» **WHAT YOU WILL DO**: Return all the lines below exactly. Any picture among them is omitted.

» **RAW DATA**:
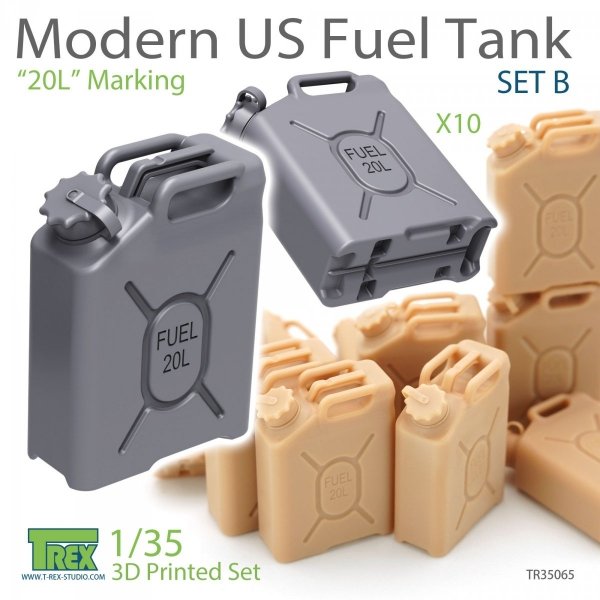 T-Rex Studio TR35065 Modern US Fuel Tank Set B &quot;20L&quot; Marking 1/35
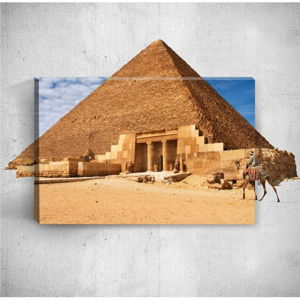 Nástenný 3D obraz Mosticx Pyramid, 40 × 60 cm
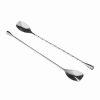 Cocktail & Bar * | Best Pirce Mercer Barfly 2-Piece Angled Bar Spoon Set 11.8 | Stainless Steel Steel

» **REPLY TO THE EXERCISE**:
 T-Rex Studio TR35065 Modern US Fuel Tank Set B &quot;20L&quot; Marking 1/35
 Nástenný 3D obraz Mosticx Pyramid, 40 × 60 cm
 Cocktail & Bar * | Best Pirce Mercer Barfly 2-Piece Angled Bar Spoon Set 11.8 | Stainless Steel Steel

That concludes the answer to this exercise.